# Would you agree: Top Film Schools



## Cisca (Mar 31, 2011)

I've been searching for schools with the top film programs.  I finally found this list that doesn't have schools like the Art Institute.  This list seems pretty promising, what do you guys think?

-AFI
-American University
-California Institute of the Arts
-Columbia University School of the Arts
-The North Carolina School of the Arts
-NYU
-San Francisco State University
-UCLA
-USC
-University of Texas at Austin


----------



## Mike_V (Mar 31, 2011)

I would add Chapman as well. It's essentially up and coming and facility and faculty rivals those other big schools.

I'm wondering where Northwestern is as well...


----------



## Ntman (Apr 3, 2011)

Also Loyola Marymount? No?


----------



## suenos53 (Apr 3, 2011)

Loyola Marymount offers great training, one of the best in the LA area.


----------



## Mike_V (Apr 3, 2011)

also, one other thing to ask, where did you get this list from? You seem to be missing a few darn good schools in that list.


----------



## Postaldave (Apr 3, 2011)

Might be helpful also to organize them into the differing types

ie...

- 4 year
- Grad School
- Technical
- etc


----------



## Jeisner (Apr 4, 2011)

I wouldn't leave out Wesleyan University and Emerson College. Both have promising film programs, that is, if you are interested in an east coast education.


----------



## destinyB (Apr 6, 2011)

Yeah, I agree. But it seems there are few schools missing in you list - such as Chapman and Emerson College.


----------



## Cisca (Apr 12, 2011)

> Originally posted by Mike_V:
> also, one other thing to ask, where did you get this list from? You seem to be missing a few darn good schools in that list.



This is where i got it. http://filmmakerstore.com/schools.htm


----------



## Mike_V (Apr 12, 2011)

ah, no wonder it seemed familiar. the last time i checked that site was over 2 years ago and it hasn't changed at all.
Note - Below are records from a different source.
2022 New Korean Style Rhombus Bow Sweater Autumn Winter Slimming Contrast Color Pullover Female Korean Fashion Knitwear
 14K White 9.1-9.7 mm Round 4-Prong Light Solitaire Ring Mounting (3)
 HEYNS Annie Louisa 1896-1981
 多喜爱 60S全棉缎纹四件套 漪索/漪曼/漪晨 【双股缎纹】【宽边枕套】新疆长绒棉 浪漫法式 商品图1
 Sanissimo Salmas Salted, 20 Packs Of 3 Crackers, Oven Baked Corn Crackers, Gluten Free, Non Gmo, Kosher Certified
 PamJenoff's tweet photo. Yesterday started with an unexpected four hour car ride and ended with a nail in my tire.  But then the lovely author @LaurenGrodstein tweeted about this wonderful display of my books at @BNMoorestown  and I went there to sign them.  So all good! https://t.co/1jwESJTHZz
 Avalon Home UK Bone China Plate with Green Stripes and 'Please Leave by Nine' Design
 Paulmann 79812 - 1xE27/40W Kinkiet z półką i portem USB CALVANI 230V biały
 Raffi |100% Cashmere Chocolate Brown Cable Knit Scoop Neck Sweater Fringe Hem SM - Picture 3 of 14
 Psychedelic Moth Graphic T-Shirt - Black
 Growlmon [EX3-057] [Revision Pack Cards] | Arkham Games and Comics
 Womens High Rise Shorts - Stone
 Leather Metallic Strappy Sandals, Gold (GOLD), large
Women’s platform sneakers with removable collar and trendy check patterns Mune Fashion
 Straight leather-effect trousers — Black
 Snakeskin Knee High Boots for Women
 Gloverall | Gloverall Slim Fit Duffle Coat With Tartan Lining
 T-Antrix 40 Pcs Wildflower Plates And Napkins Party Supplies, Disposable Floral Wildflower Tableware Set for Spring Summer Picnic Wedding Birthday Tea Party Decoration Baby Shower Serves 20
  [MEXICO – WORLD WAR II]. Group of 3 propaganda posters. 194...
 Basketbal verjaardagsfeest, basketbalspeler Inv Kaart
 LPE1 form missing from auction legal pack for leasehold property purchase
I think it's been heavily outdated for a very long time.
if you're looking for the current list, read around the forums here. it'll give you a better feel of what is currently regarded as top schools


----------



## Major Premise (Jun 3, 2011)

> Originally posted by Jeisner:
> I wouldn't leave out Wesleyan University and Emerson College. Both have promising film programs, that is, if you are interested in an east coast education.


Emerson - poor academics. If you want academic rigor, go elsewhere.


----------



## RamJoe (Jun 3, 2011)

I was not aware that AFI had undergraduate studies


----------